BENCH RESEARCH INSTRUCTIONS
Do These Experiments With Adult Supervision Only!
1. Place candle in center of pie plate half full of water. (Water may be colored, if desired.)
2. Light candle and set a glass over the top. Observe what happens.
Explanation: Fire needs oxygen to burn. Once all of the oxygen is used up in the glass, the candle burns out. The resulting vacuum sucks the water from the pie plate up into the glass.
Puffy Soap Float
1. Gather various types of soap and a bucket filled halfway with water. Predict what will happen when the soap is put into the water.
2. Place a bar of Ivory soap in a microwaveable container and microwave on high for 2 min.
Explanation: Different types of soap vary in density. Some soap, like Ivory will float because it is less dense than water. Most other soaps are more dense and will sink. Two processes occur when you microwave the soap. First, you are heating the soap, which softens it.
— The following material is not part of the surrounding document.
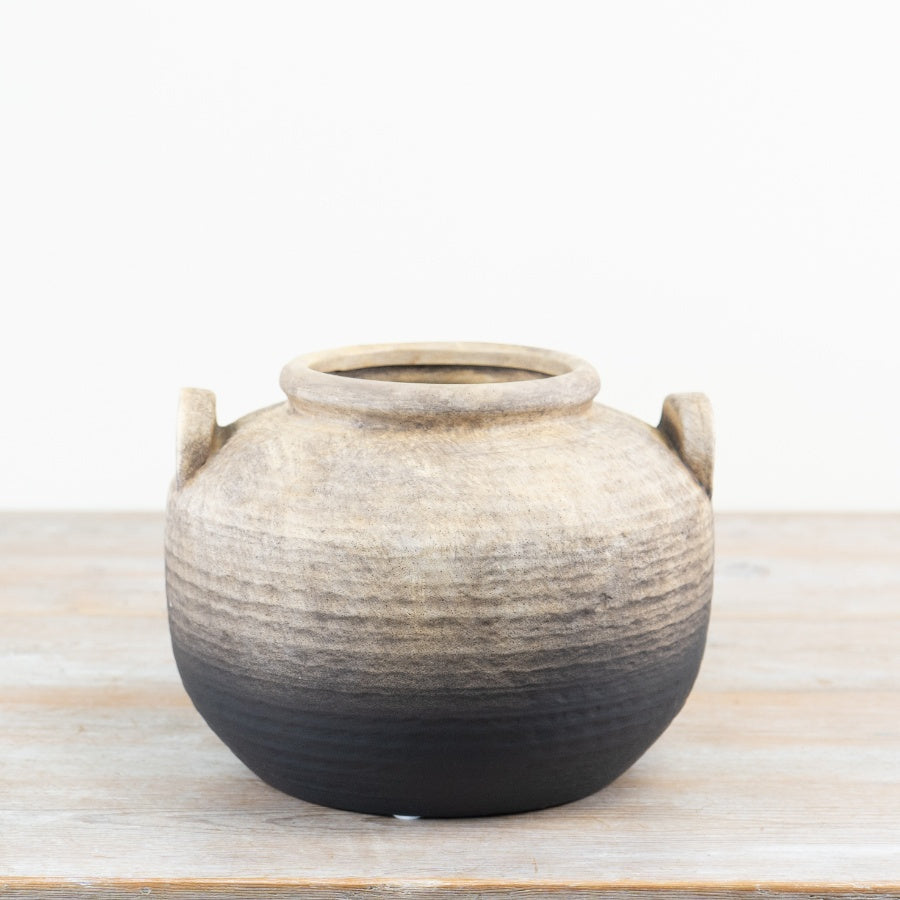 Oti Terracotta Vase 23.5cm – Rustic Ombre Decorative Pot with Handles, Artisan Home Decor Statement Piece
Second, you are heating the air and water trapped inside the soap, causing the water to vaporize and the air to expand. The expanding gases push on the softened soap, causing it to expand and become a foam. The appearance of the soap is changed, but no chemical reaction occurs. This is an example of a physical change. It also demonstrates Charles' Law, which states the volume of a gas increases with its temperature. The microwaves impart energy into the soap, water, and air molecules, causing them to move faster and further away from each other. The result is that the soap puffs up. Other brands of soap don't contain as much whipped air and simply melt in the microwave.
1. Disolve 1 teaspoon of yeast in 2 Tablespoons of very warm water.
2. Stand a 16 oz, narrow neck bottle in a cake pan. Put a funnel in the opening. Add 3-4 drops of food coloring to ½ c peroxide and pour the peroxide through the funnel into the bottle.
3. Add a squirt of dish detergent.
4. Pour the yeast mixture into the bottle and quickly remove the funnel.
- You can touch the bottle to feel any changes that take place.
Explanation: The bottle will feel warm to the touch as this is an exothermic reaction. The yeast works as a catalyst, which makes the peroxide molecule release an oxygen atom. The released oxygen mixes with the dish detergent to make foam.
Egg in a bottle
1. Light a strip of paper and drop into a glass bottle. Or pour a little very hot water into the bottle. Wait a moment.
2. Place peeled hard boiled egg on mouth of bottle. (Diameter of opening should be smaller than egg, but at least half the diameter of the egg.)
Explanation: This is just a variation of the water sucker experiment. How can you remove the egg without damaging it? (Hint: use tongs and hot water pouring from a tap.)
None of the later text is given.